▸ **What needs to be done**
All records must be quoted exactly. Omit the pictures.

▸ **Records for processing**
=-=-=-=-=
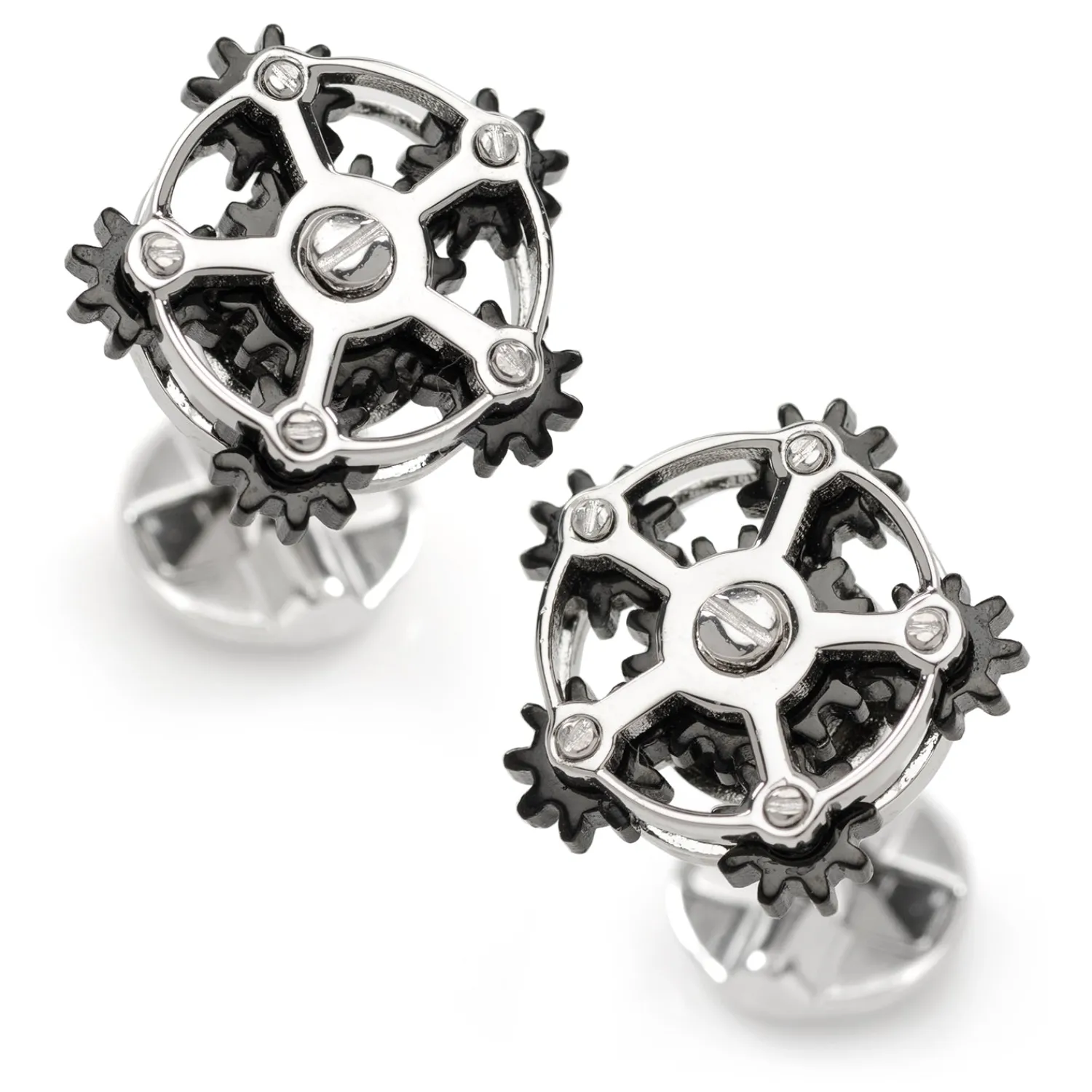 Clearance Rotating Gear Cufflinks Luxury Cufflinks | Hobbies & Interests Cufflinks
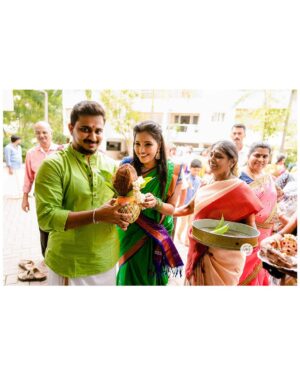 Vaishali Thaniga Instagram - Shashti poorthi❤️

#shashtipoorthi #weddingphotography #wedding
#together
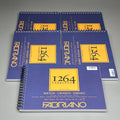 FABRIANO (5 PACK) I264 Sketch Paper Pads 9" x 12" ITALY 100 Sheets (500 TOTAL) White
=-=-=-=-=
▸ **Answer to this problem**
 Clearance Rotating Gear Cufflinks Luxury Cufflinks | Hobbies & Interests Cufflinks
 Vaishali Thaniga Instagram - Shashti poorthi❤️

#shashtipoorthi #weddingphotography #wedding
#together
 FABRIANO (5 PACK) I264 Sketch Paper Pads 9" x 12" ITALY 100 Sheets (500 TOTAL) White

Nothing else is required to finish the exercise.